Matt Wynne, a member of the Spokane Tribe of Indians, secretary elect of the Spokane Tribal Business Council and chair of The Upper Columbia United Tribes (UCUT), shared memories of his grandmother taking him at the age of seven to Oregon City.  They climbed down rock cliffs by the falls.  She reached into the wall of water, pulled out lamprey eels and put them in burlap bags.

“How did you know they were there,” he asked, amazed.  She told him of the time when the fish were plentiful from Little Falls to Kettle Falls.

“That inspired me to bring back what is lost, so the Spokane Tribe can pass on lessons to our children.  It has been 75 years since salmon reached the upper reaches of the Columbia River.  We need to teach our children that we are salmon people,” Matt said.  “I hope the Higher Power will keep us strong to bring back the salmon.”

Fifteen tribes have formed the Columbia River Coalition to work together as the Columbia River Treaty is renegotiated.

“The river is our life,” he said.  “Originally, the only considerations of the Columbia River Treaty were to build dams for flood control and hydropower generation.  Now we need also to consider the damage through the ecosystem.”

Matt is hopeful that changes can be made.

Physician and conservationist John Osborn called for considering the vision of the river.

“Looking back 200 years ago, Lewis and Clark stepped into the Columbia River watershed in 1805.  Over 200 years, there have been profound changes to the river, partly as a result of dam building,” he said.

In 1964, the United States and Canada ratified the Columbia River Treaty, which set in motion construction of four dams—one in Montana and three “treaty dams” in British Columbia.  The Arrow Lakes Dam forced 2,300 people from their homes, farms and businesses.  In negotiating the treaty, neither Canada nor the U.S. consulted with tribes or local communities.

Since the Columbia River Treaty Conference last May at Gonzaga University, 21 religious and indigenous leaders representing nearly all tribes and First Nations in the Columbia Basin sent a letter to Canadian Prime Minister Harper and U.S. President Obama requesting that the treaty be modernized based on principles of justice and stewardship, John said.

Bishop Martin Wells said the Eastern Washington Idaho Synod of the Evangelical Lutheran Church in America that he serves covers the same territory as the Columbia River watershed.  He feels a call to share his sense of responsibility among his constituents and ecumenical partners.

He told of the power of stories and his own experience of seeing the Kenai River in Alaska teeming with salmon.

“Stewardship is the language we use in the Christian community to talk of our responsibility for creation,” he said.  “Scriptures have stories of water and of stewardship for a gift that has been given to us.

“The gift of water has been entrusted to us.  We are to treat water as a treasure that is basic to life itself.  Our bodies are 80 percent water.  We are walking columns of water,” Martin said.

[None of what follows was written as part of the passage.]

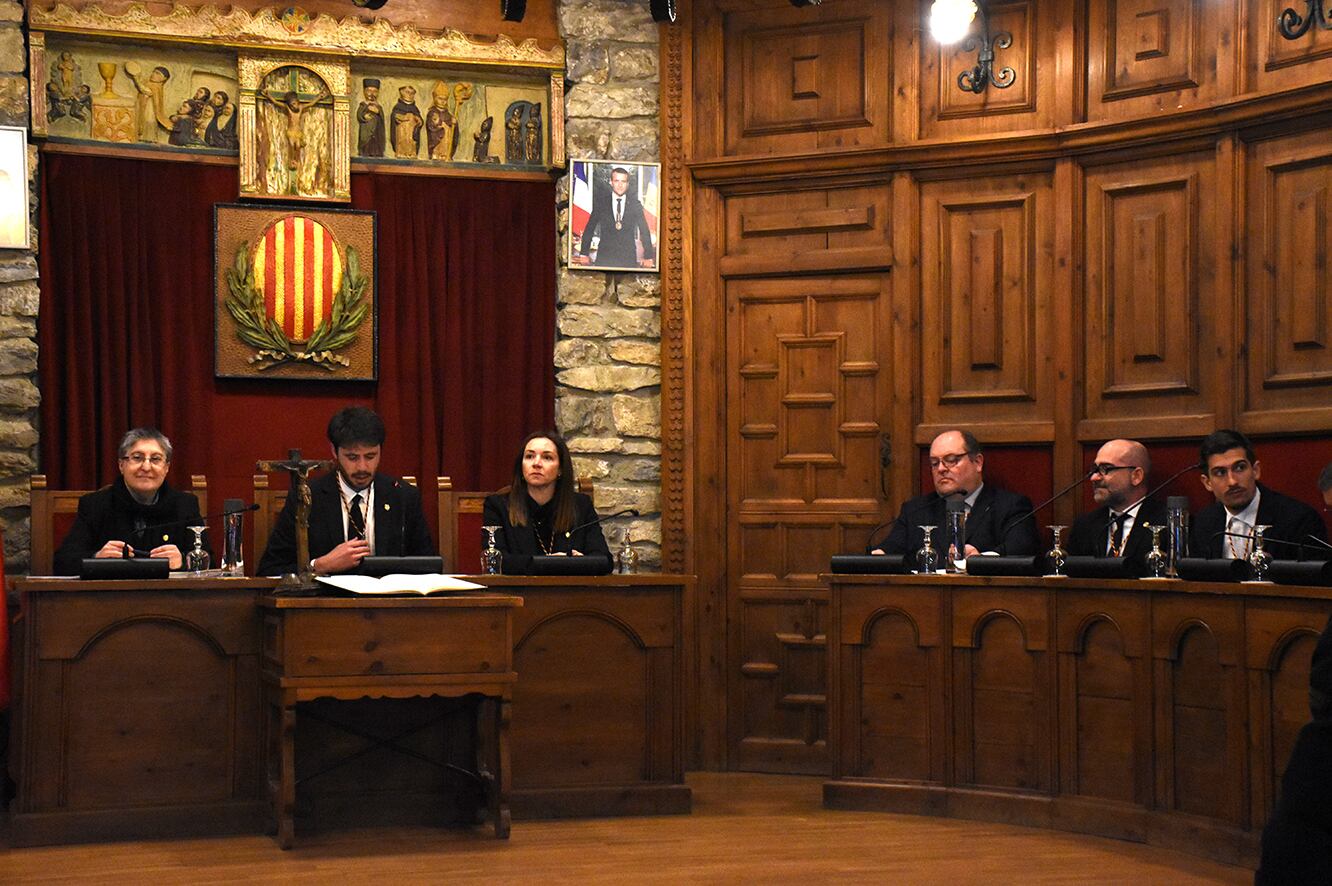 Priemra sessió del consell de comú de Sant Julià de la legislatura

He has signed the Pastoral Letter on the Columbia River Watershed and joined other Northwest religious leaders in signing a letter of apology to the region’s tribes for the way settlers decimated tribal lands.  He and other religious leaders also signed a document expressing opposition to coal transport and export, especially at Cherry Point, a sacred area for Lummi Indians.

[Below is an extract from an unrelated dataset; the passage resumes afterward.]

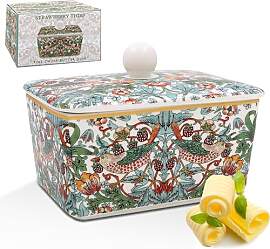 Butterdose aus Keramik mit Deckel – William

With the renegotiation of the Columbia River Treaty, he believes it’s possible to consider more than flood control and power production.

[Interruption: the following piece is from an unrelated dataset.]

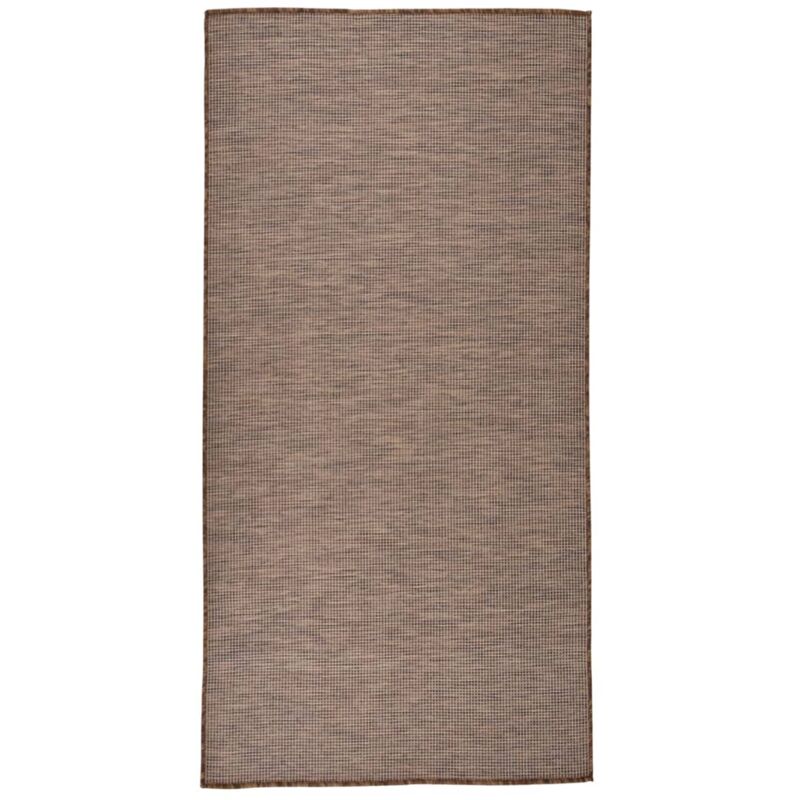 Vidaxl - Tappeto da Esterni a Tessitura Piatta 100x200 cm Marrone 639473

Another tool, he said is the Public Trust Doctrine, which says natural resources belong to the public, so public rights take precedence over private rights.

“As Christians, we share aesthetic and sacred values of the rivers as the tribes’ land.  We have a sacred trust to be stewards,” Martin said.  “The Catholic letter gives a beginning place for dealing with the public trust and the need not to allow political influences to privatize the river.”

Since the Gonzaga conference, UCUT has taken a lead on the effort to restore salmon, said John.

“Your opinion matters,” Matt added, inviting people to go to the UCUT website and comment.  “We hope to keep our voices heard with the U.S. State Department, which is not letting us in to the renegotiation process yet.”